Brief descriptive captions:
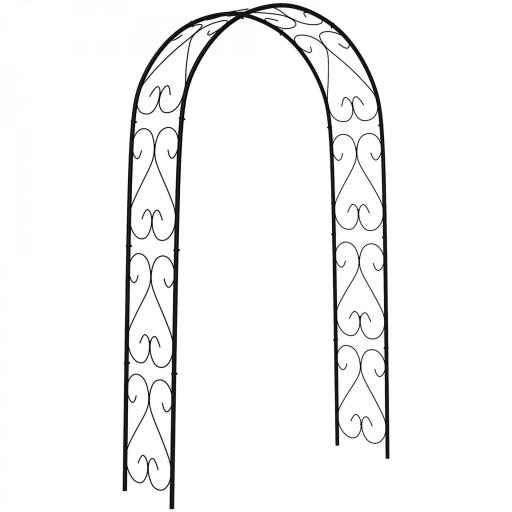 Arco de Jardín de Acero para Rosas y Plantas Trepadoras Arco de Boda para Plantas y Decoraciones 125x37x230 cm Negro [8]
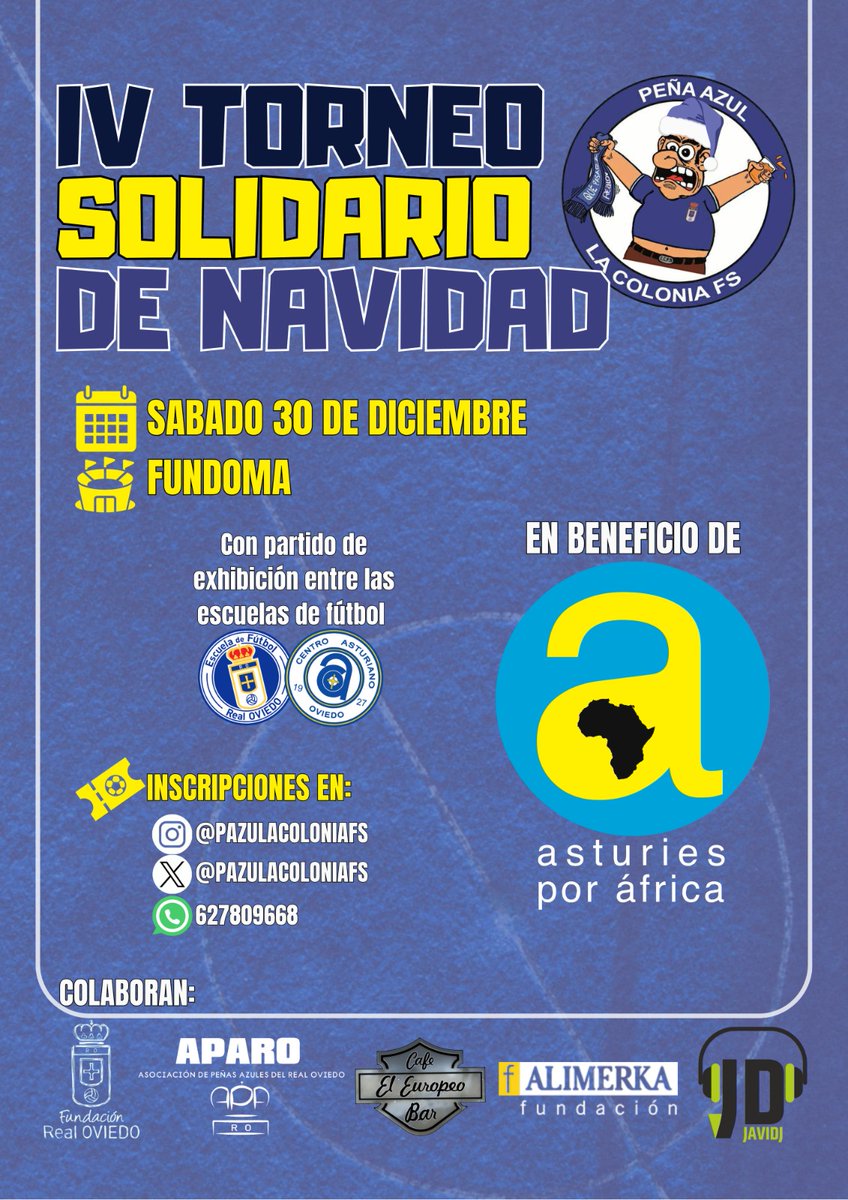 ATENCIÓN ‼️‼️‼️
¡Nos hace mucha ilusión anunciar la vuelta de nuestro Torneo Solidario de Navidad!

Después de los imprevistos de los últimos años podemos retomar esta magnífica iniciativa.
Será nuestro IV Torneo y todo lo recaudado irá destinado a la asociación <a href="/asturiesxafrica/">Asturies por África</a>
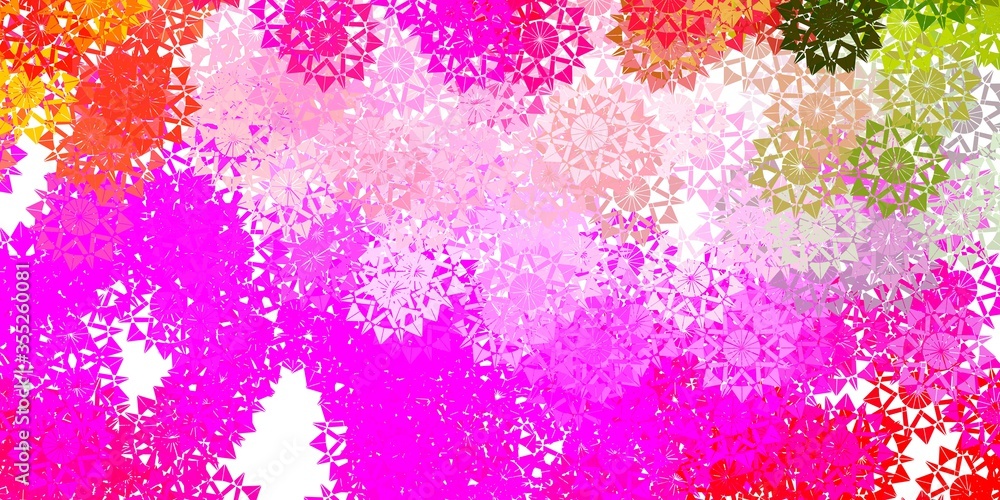 Light Pink, Green vector backdrop with xmas snowflakes.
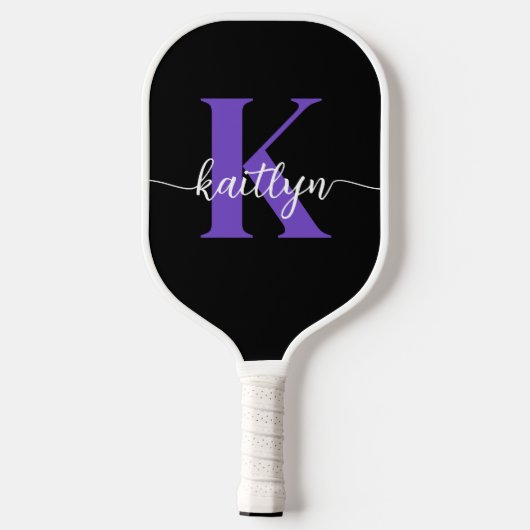 Zwart-Paarse-scriptmonogram Pickleball Paddle (Achterkant)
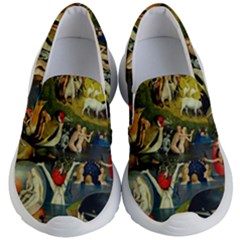 Hieronymus Bosch The Garden Of Earthly Delights (closeup) 2 Kids  Lightweight Slip Ons by impacteesstreetwearthree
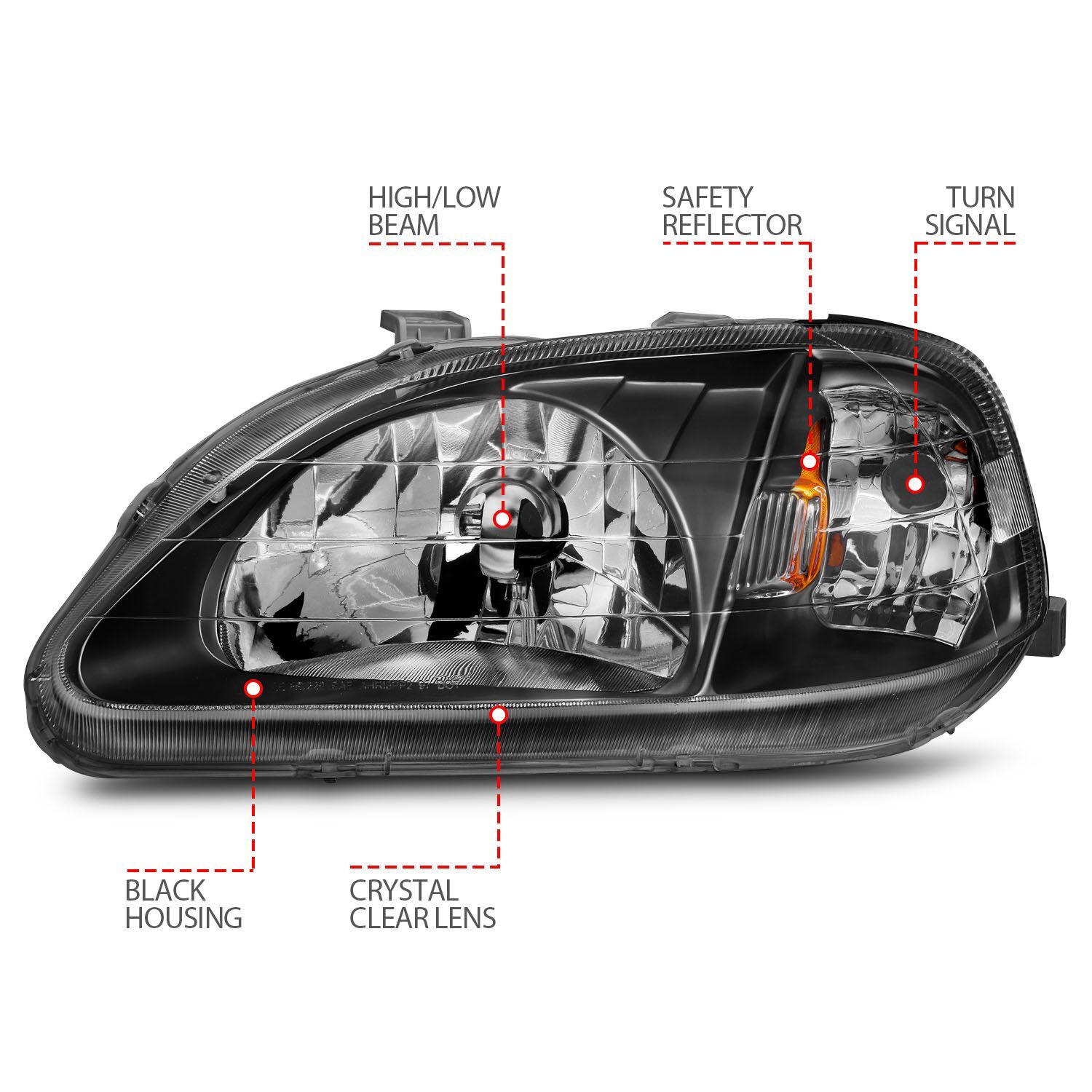 1999-2000 Honda Civic Anzo Crystal Headlights Black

**Goal of the exercise:** Keeping the pictures out, output the records from above exactly and completely.

**Answer to the problem:**
 Arco de Jardín de Acero para Rosas y Plantas Trepadoras Arco de Boda para Plantas y Decoraciones 125x37x230 cm Negro [8]
 ATENCIÓN ‼️‼️‼️
¡Nos hace mucha ilusión anunciar la vuelta de nuestro Torneo Solidario de Navidad!

Después de los imprevistos de los últimos años podemos retomar esta magnífica iniciativa.
Será nuestro IV Torneo y todo lo recaudado irá destinado a la asociación <a href="/asturiesxafrica/">Asturies por África</a>
 Light Pink, Green vector backdrop with xmas snowflakes.
 Zwart-Paarse-scriptmonogram Pickleball Paddle (Achterkant)
 Hieronymus Bosch The Garden Of Earthly Delights (closeup) 2 Kids  Lightweight Slip Ons by impacteesstreetwearthree
 1999-2000 Honda Civic Anzo Crystal Headlights Black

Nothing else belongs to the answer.